*** The data Section Begins ***

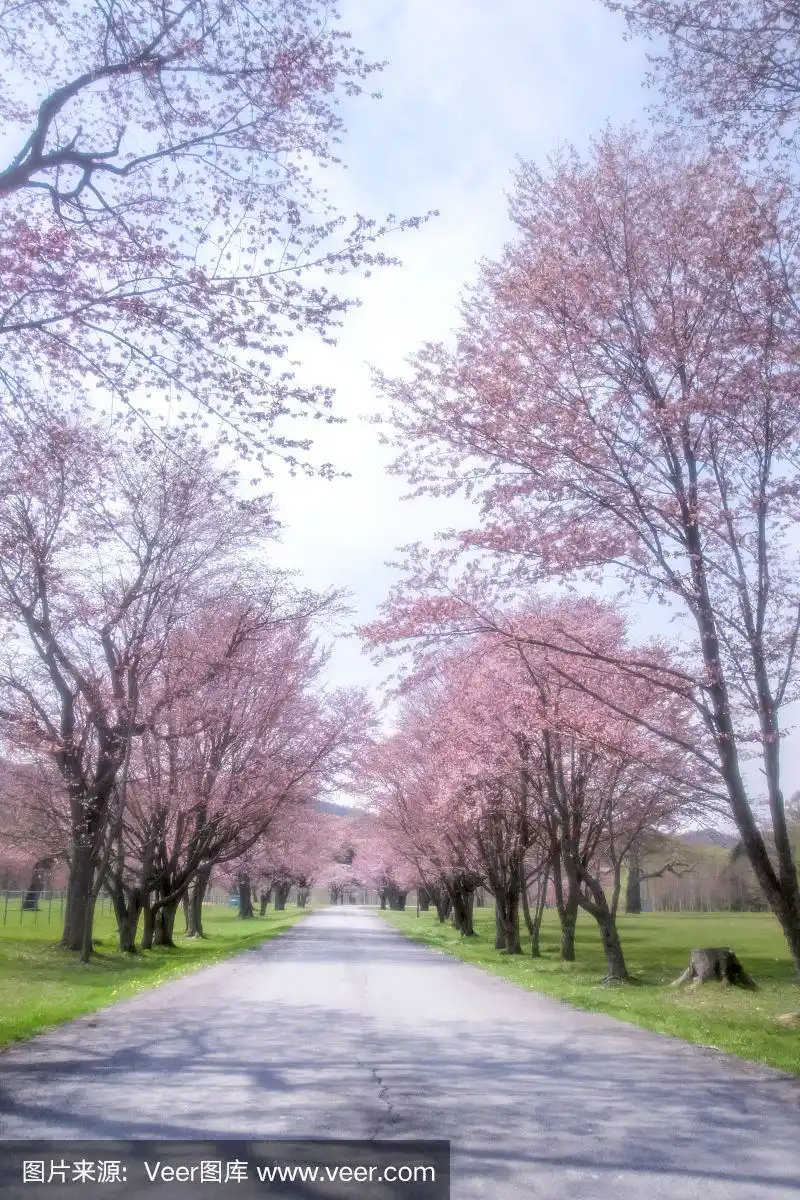 日本北海道的樱花.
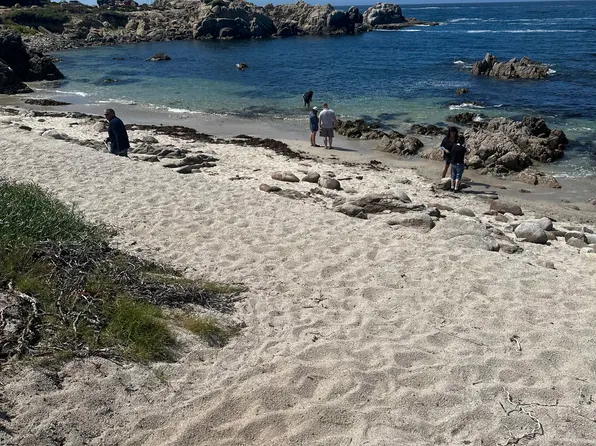 1200 Surf Ave #1204, Pacific Grove, CA 93950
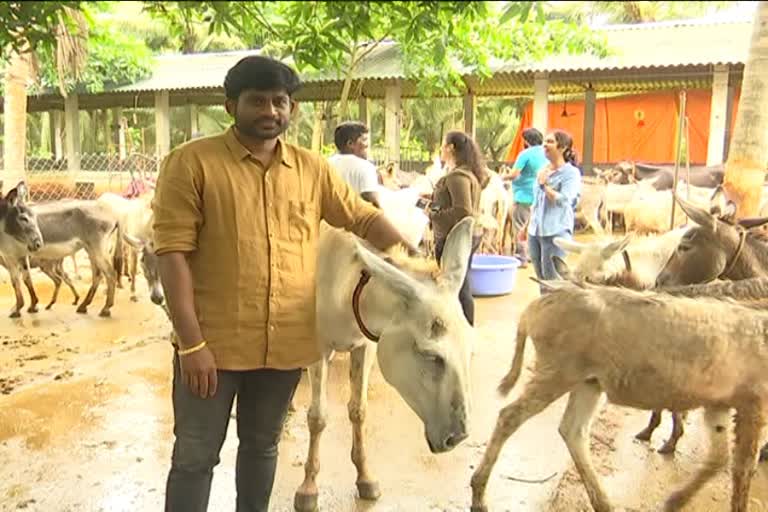 A young man from Andhra Pradesh is earning by rearing more than 100 donkeys  സോഫ്‌റ്റ്‌ വെയര്‍ എന്‍ജീനിയറിങ്  കഴുത വളര്‍ത്തല്‍  യുവകര്‍ഷകന്‍  ലാഭം കൊയ്‌ത് യുവകര്‍ഷകന്‍  Donkey farm in Andhra Pradesh  Andhra Pradesh  Andhra Pradesh news  news updates in Andhra Pradesh  latest news updates in Andhra Pradesh  National news  National news updates  ദേശീയ വാര്‍ത്തകള്‍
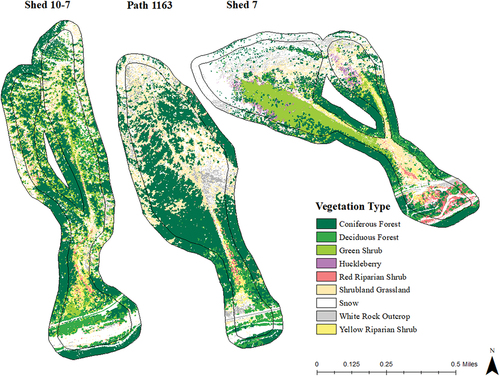 Figure 5. Modeled labeled vegetation (level 2 classes; see Table 2) mapping results for Shed 10–7, Path 1163, and Shed 7 using a combination of spectral and lidar data. The avalanche paths are outlined with a 50-m buffer (black polygons) for context of surrounding vegetation. Note that these three paths are not all adjacent to each other (Figure 1).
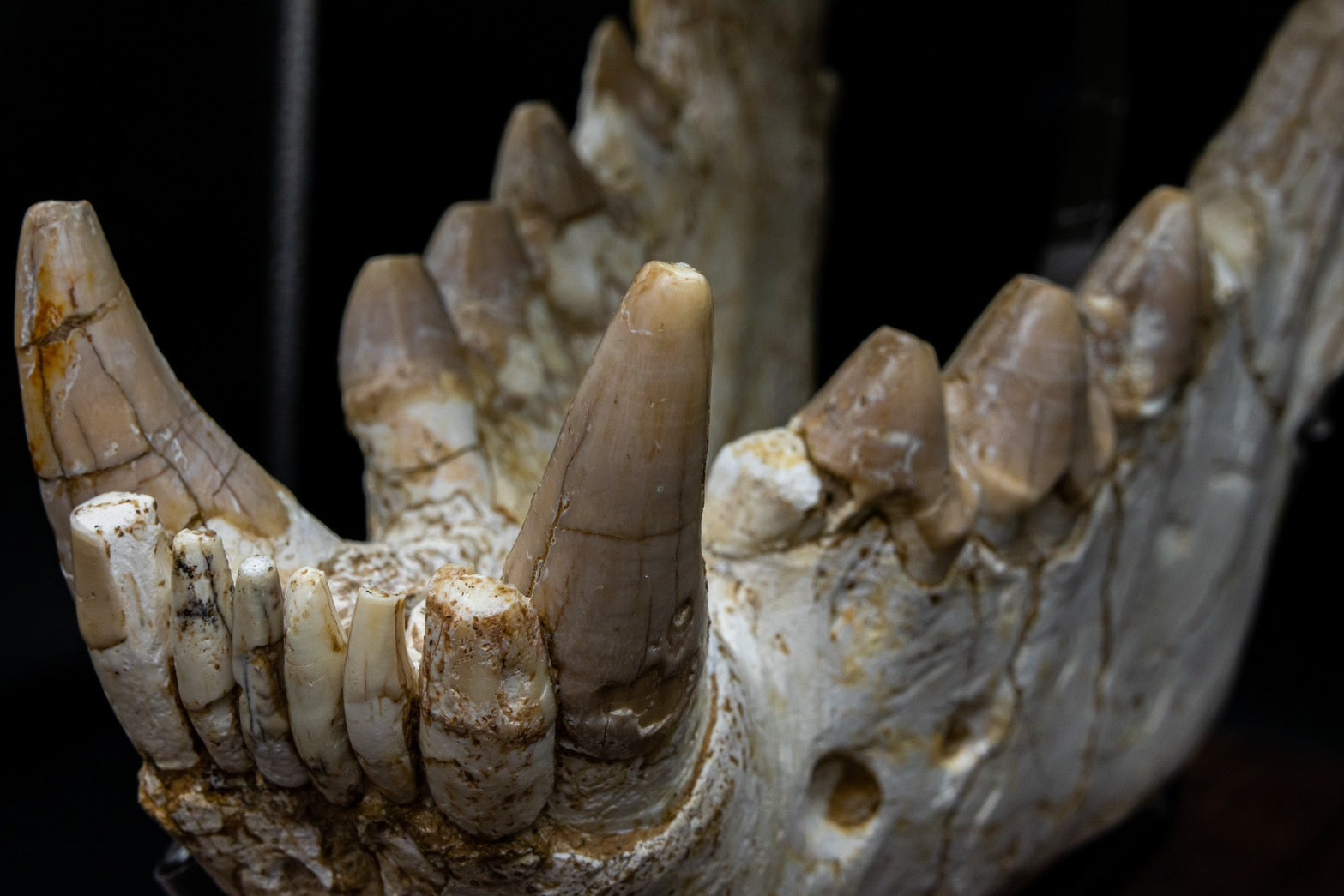 Giant Hyena (Pachycrocuta brevirostris) – Museum-Grade Complete Skull Fossil 50CM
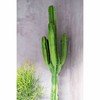 沙漠植物 - 大戟阁 Euphorbia ammak 商品缩略图1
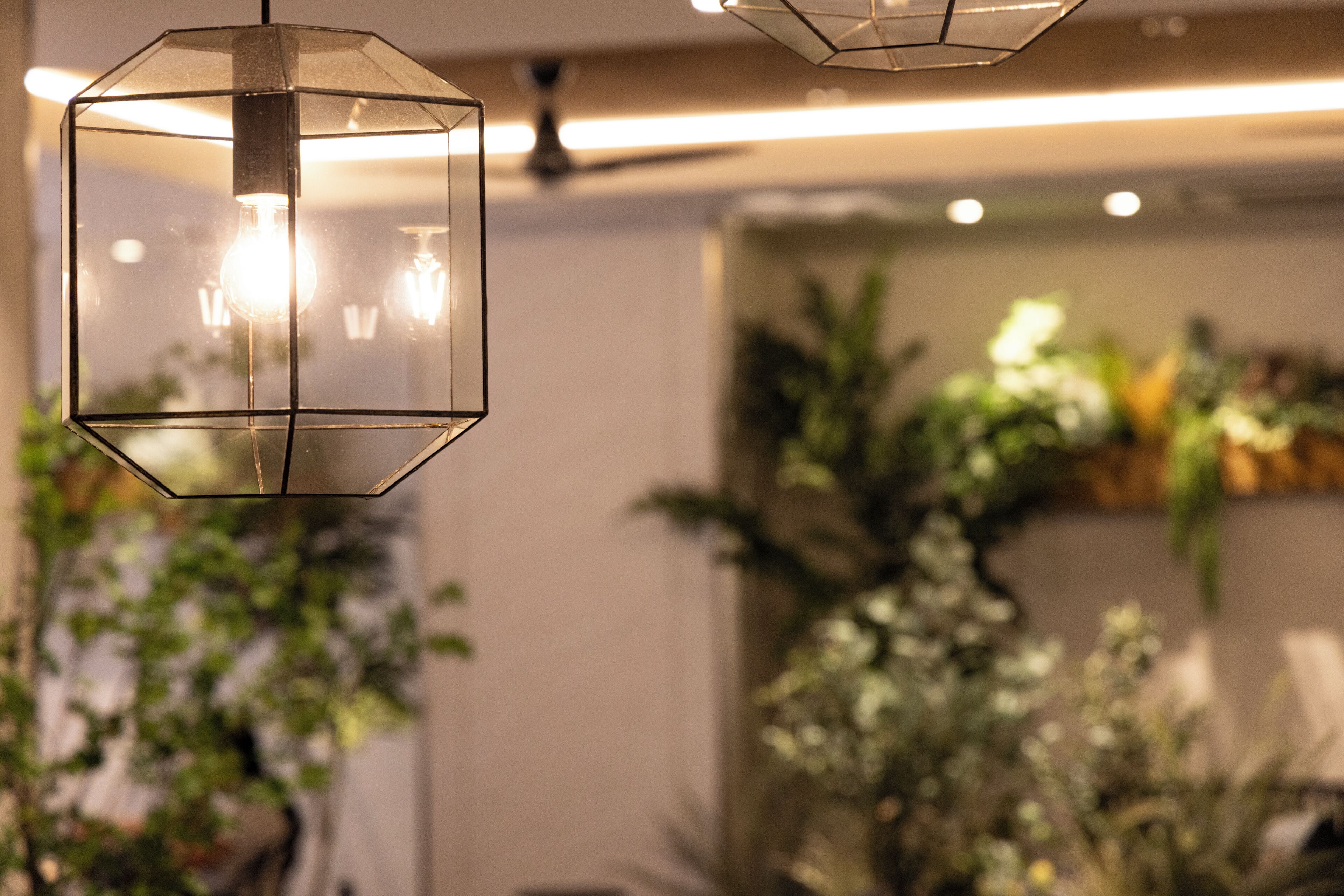A hanging geometric light fixture with multiple bulbs, a ceiling fan, and indoor plants in a well-lit room.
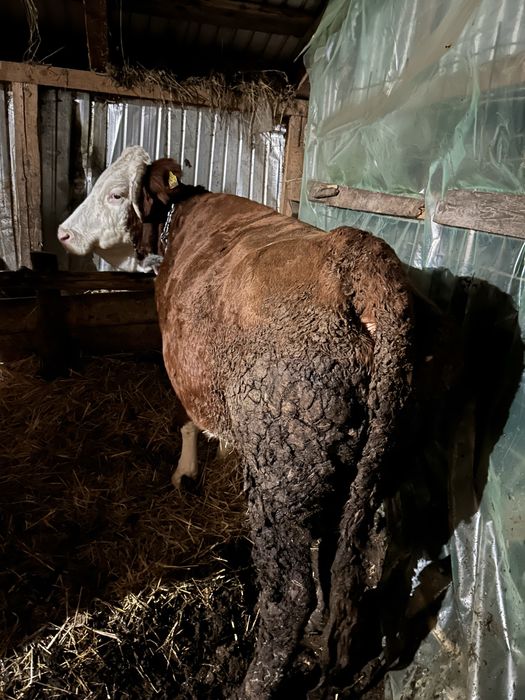 Vand 8 vaci mai multe detali la numarul de telefon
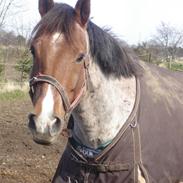 Welsh Cob (sec D) Goya **solgt**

*** The data Section Ends ***

Exercise brief –
Starting at the first line of the listing above, write out each line exactly and nothing else until you reach the line containing "沙漠植物 - 大戟阁 Euphorbia ammak 商品缩略图1", which is included as well; omit all pictures.

Task result –
 日本北海道的樱花.
 1200 Surf Ave #1204, Pacific Grove, CA 93950
 A young man from Andhra Pradesh is earning by rearing more than 100 donkeys  സോഫ്‌റ്റ്‌ വെയര്‍ എന്‍ജീനിയറിങ്  കഴുത വളര്‍ത്തല്‍  യുവകര്‍ഷകന്‍  ലാഭം കൊയ്‌ത് യുവകര്‍ഷകന്‍  Donkey farm in Andhra Pradesh  Andhra Pradesh  Andhra Pradesh news  news updates in Andhra Pradesh  latest news updates in Andhra Pradesh  National news  National news updates  ദേശീയ വാര്‍ത്തകള്‍
 Figure 5. Modeled labeled vegetation (level 2 classes; see Table 2) mapping results for Shed 10–7, Path 1163, and Shed 7 using a combination of spectral and lidar data. The avalanche paths are outlined with a 50-m buffer (black polygons) for context of surrounding vegetation. Note that these three paths are not all adjacent to each other (Figure 1).
 Giant Hyena (Pachycrocuta brevirostris) – Museum-Grade Complete Skull Fossil 50CM
 沙漠植物 - 大戟阁 Euphorbia ammak 商品缩略图1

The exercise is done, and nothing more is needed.